= Assignment =
If a record holds a picture, leave the picture out and restate everything else word for word.

= Extracted data =
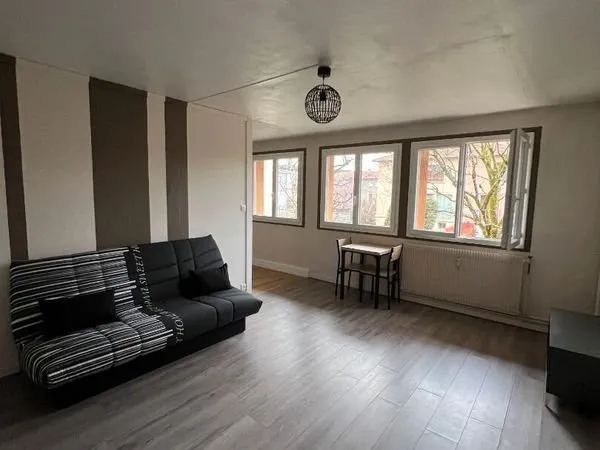 Studio 1 pièce 32 m²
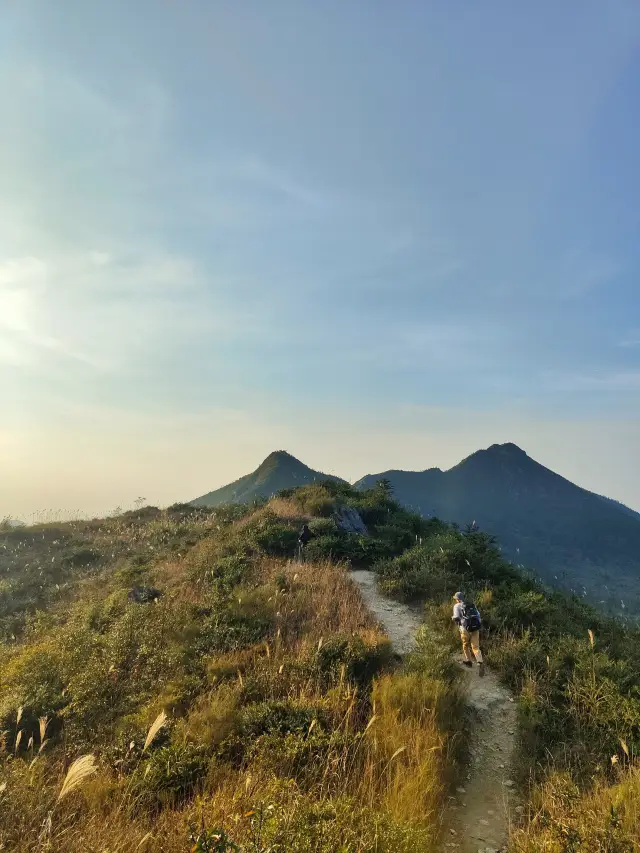 Mo Liu Gong is the most beautiful mountain ridge in Guangdong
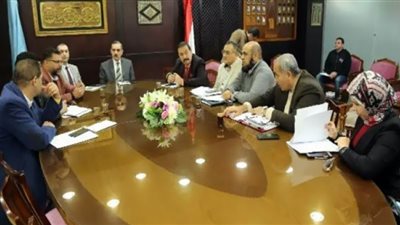 محافظ كفرالشيخ يناقش الموقف التنفيذي لمشروعات الغاز الطبيعي مع أعضاء البرلمان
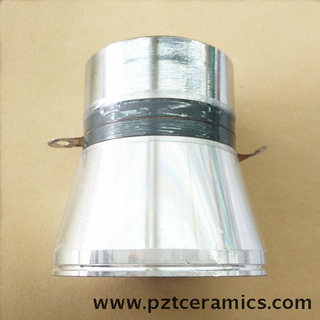 Ultrasone piëzo -elektrische transducer voor reiniging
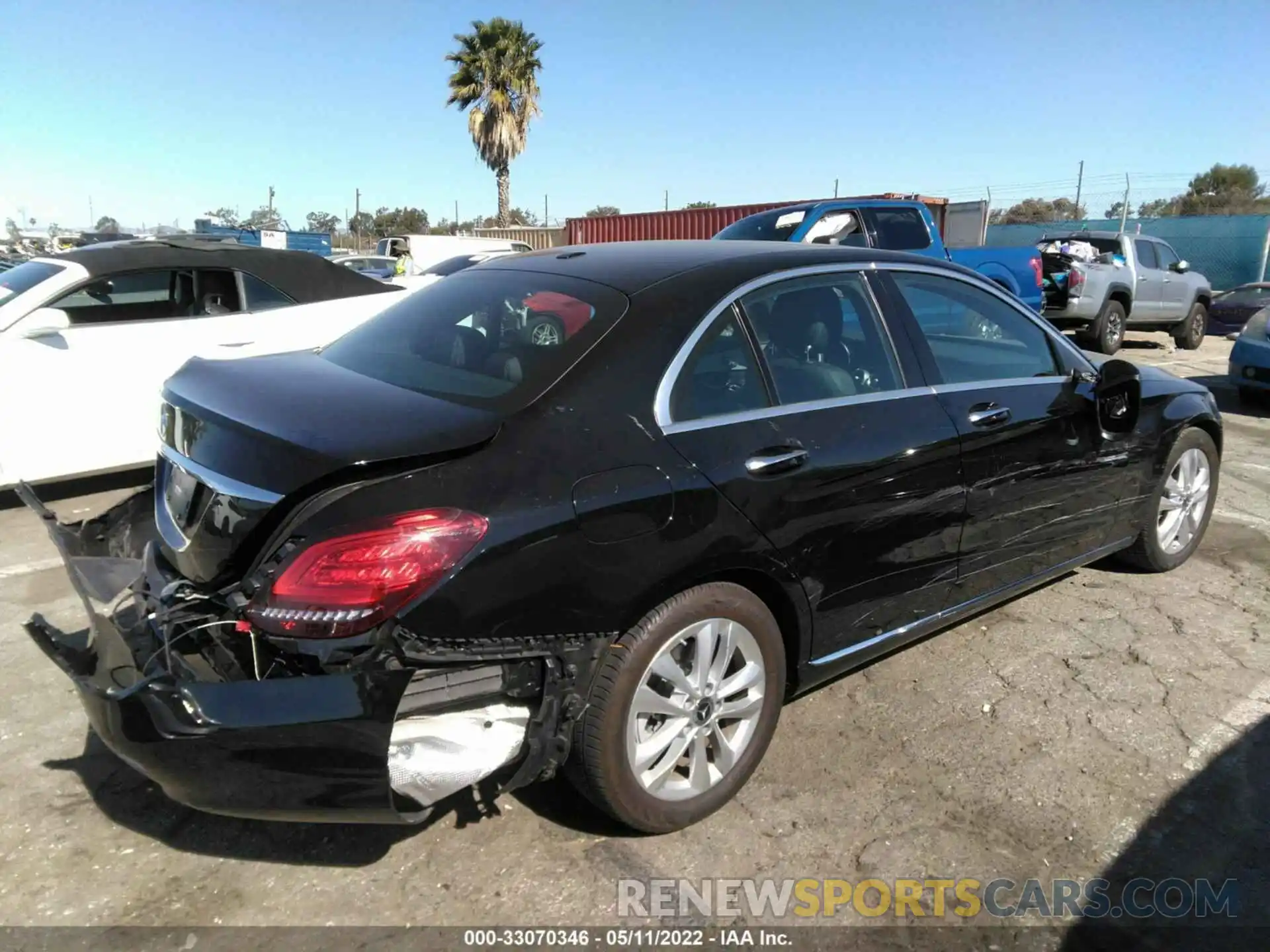 4 Photograph of a damaged car 55SWF8DBXKU315331 MERCEDES-BENZ C-CLASS 2019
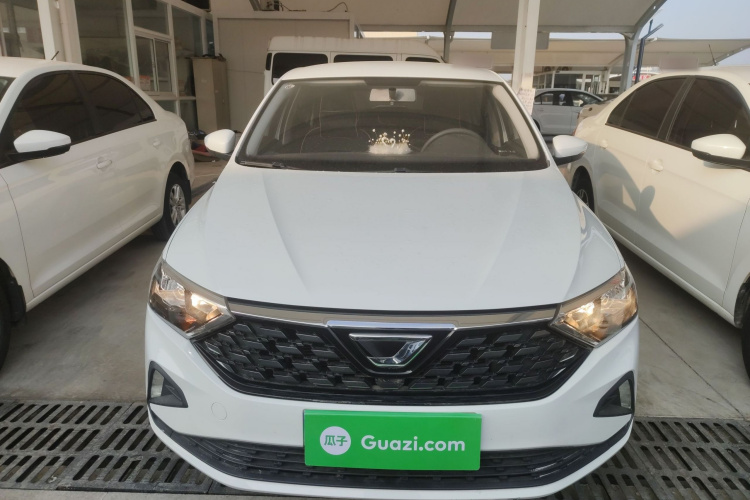 捷达VA3 2021款 1.5L 手动进取版车身外观2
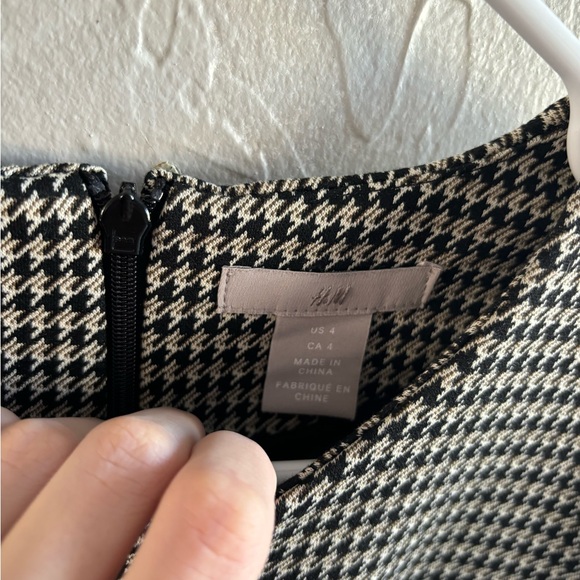H&M Houndstooth Knee-Length Dress - Picture 6 of 9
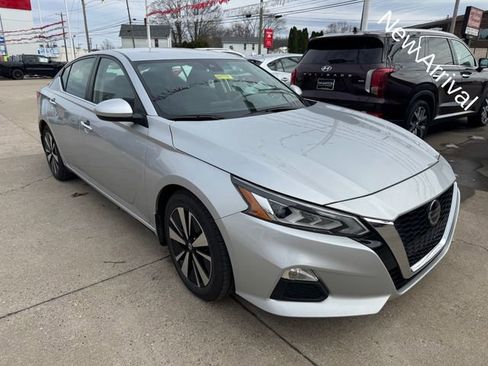 Used 2022 Nissan Altima 2.5 SV image 1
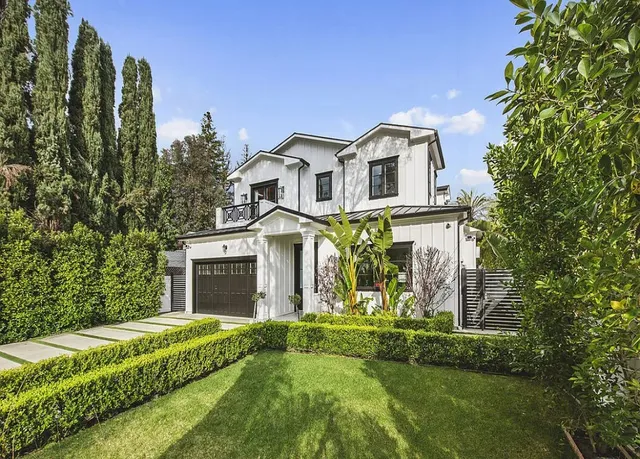 Wander Tarzana Retreat #49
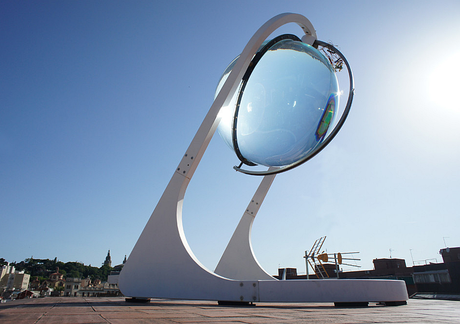 Esferas generan energía con la luz del sol y la luna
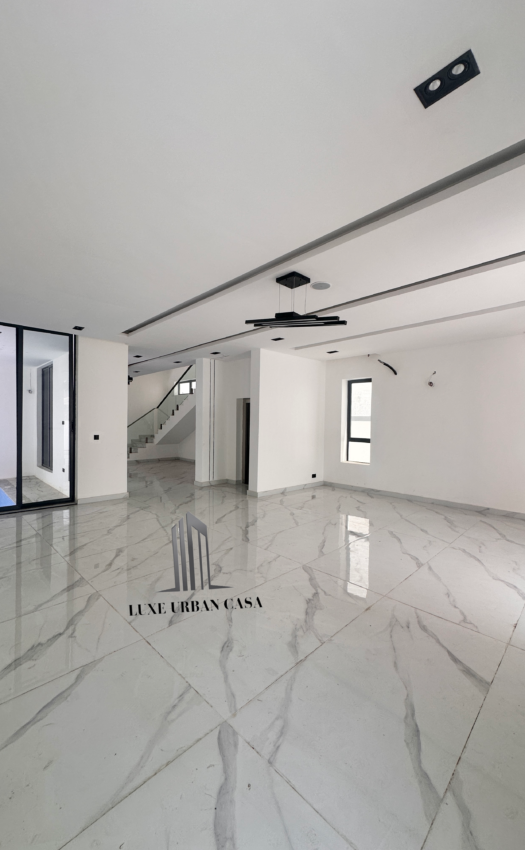 5 Bedroom Detached House at Lekki Phase 1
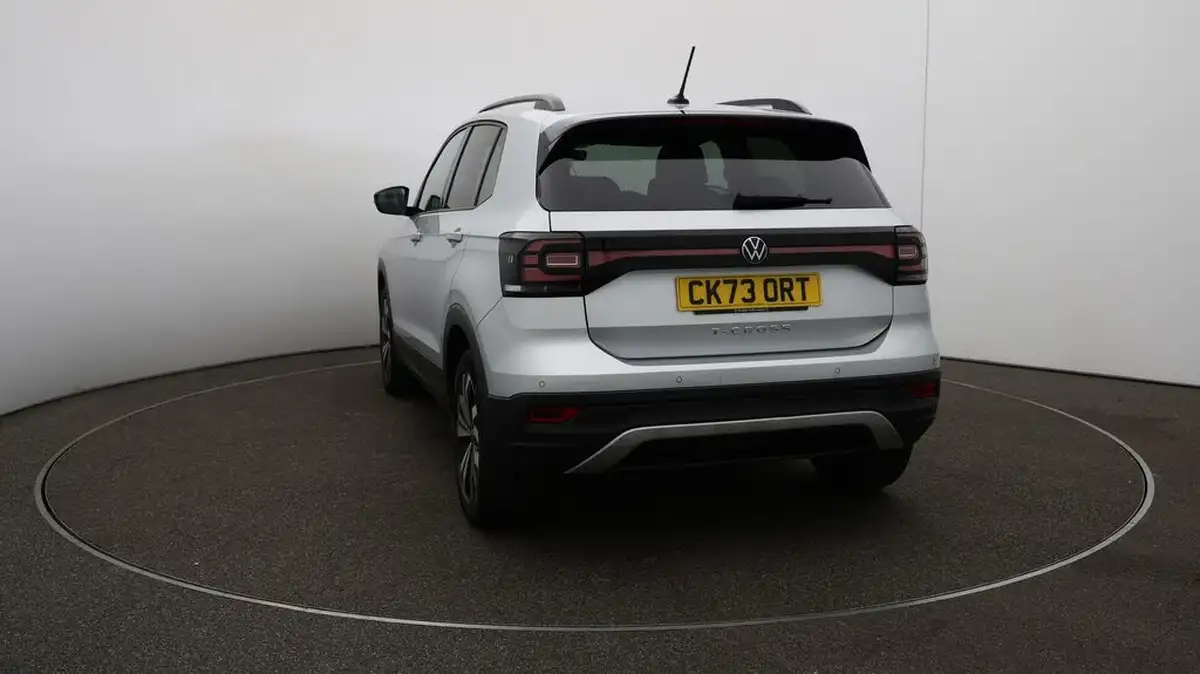 2023-volkswagen-t-cross-10-tsi-black-edition-110ps-big-52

= Task answer =
 Studio 1 pièce 32 m²
 Mo Liu Gong is the most beautiful mountain ridge in Guangdong
 محافظ كفرالشيخ يناقش الموقف التنفيذي لمشروعات الغاز الطبيعي مع أعضاء البرلمان
 Ultrasone piëzo -elektrische transducer voor reiniging
 4 Photograph of a damaged car 55SWF8DBXKU315331 MERCEDES-BENZ C-CLASS 2019
 捷达VA3 2021款 1.5L 手动进取版车身外观2
H&M Houndstooth Knee-Length Dress - Picture 6 of 9
 Used 2022 Nissan Altima 2.5 SV image 1
 Wander Tarzana Retreat #49
 Esferas generan energía con la luz del sol y la luna
 5 Bedroom Detached House at Lekki Phase 1
 2023-volkswagen-t-cross-10-tsi-black-edition-110ps-big-52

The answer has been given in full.